Illustration by Takamori Yakko. "If anyone doubts the large extent of Japan's modernization, he has, only to point ironically to her slums. They are (or in some cases were) on a par with some of the worst industrial slums in the world.
This is a glimpse of the slums (himmin-kutsu) in good old Kawasaki, as bleak an industrial landscape as modern man could devise. These are the ruins of the homes of the people who worked ten to fifteen hours a day for meager low wages in the Kawasaki airplane plants and others, helping to build the Zero and other weapons designed to raise the range of the Rising Sun. Now these same people have come back and reconstructed brave little shacks of scrap good and corrugated iron, usually of single room, that house a whole family. The cooking (and almost everything else) is done outside--an inside kitchen is an undreamed of luxury.
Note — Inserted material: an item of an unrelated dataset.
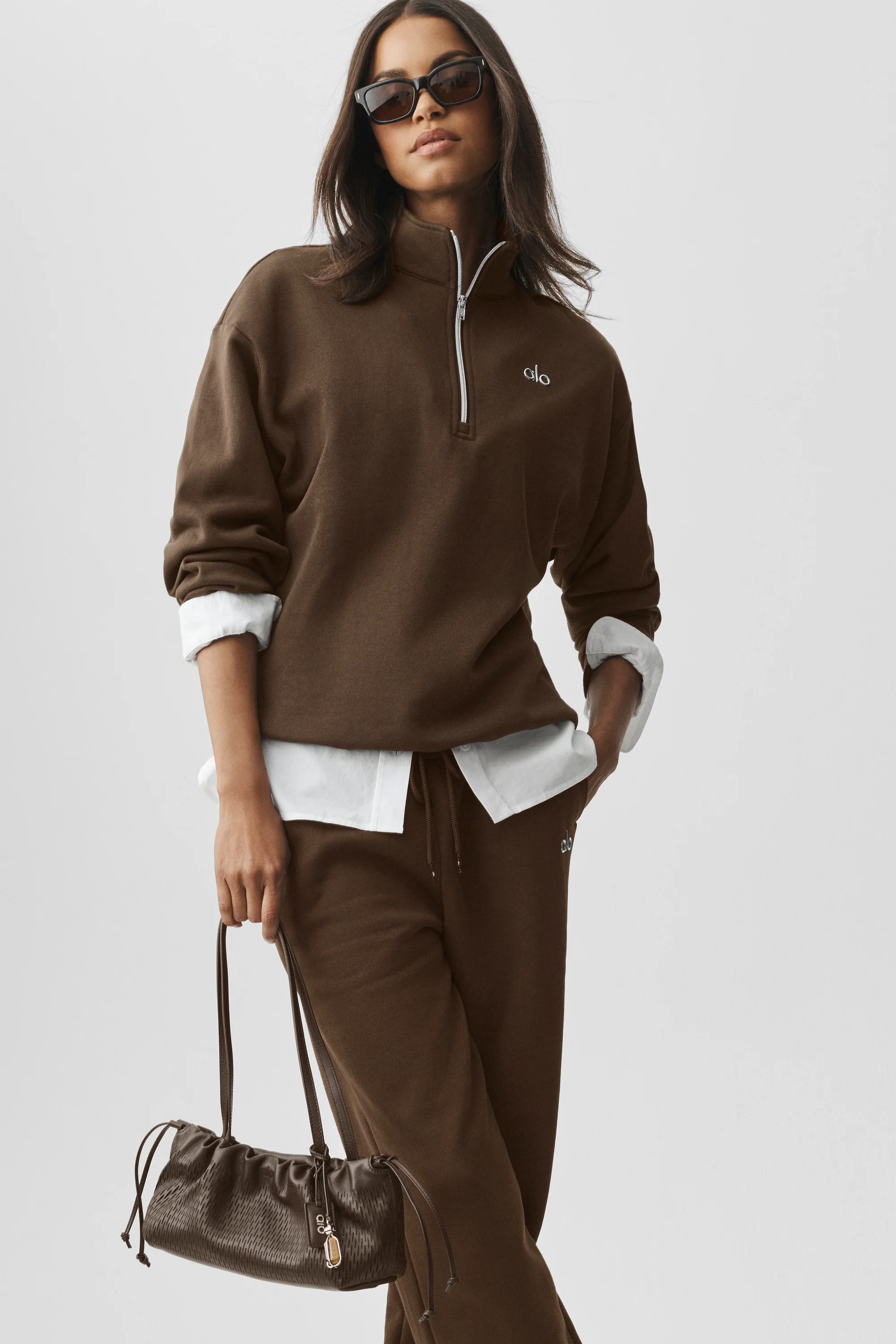 Sudadera Accolade con cremallera de 1/4 en Espresso – Top de descanso con cuello alto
In great cities like Osaka, Nagoya, Kobe, Yokohama and Tokyo; in lesser great cities like Aomori, Sendai, Shizuoka, Hakata, Fukuoka; in small but important industrial cities like Gifu, Toyohashi, and Hiratsuka, this scene is duplicated. The road to even a modicum of modern comfort is truly a hard one for these millions. They meet it bravely. Their problem is Japan's problem. It would be almost axiomatic to say Japan will be well on the Road to Real Democracy when these “himmin-kutsu” are on the way out!
The artist? Just a man that can see beauty anywhere. The Japanese kids?--friendly as ever. "Chewing-gum arimasu-ka?" (Do you have chewing gum?)"
From: Grauer, Alvin. So I went to Japan. Tokyo: Nippon Times, 1947.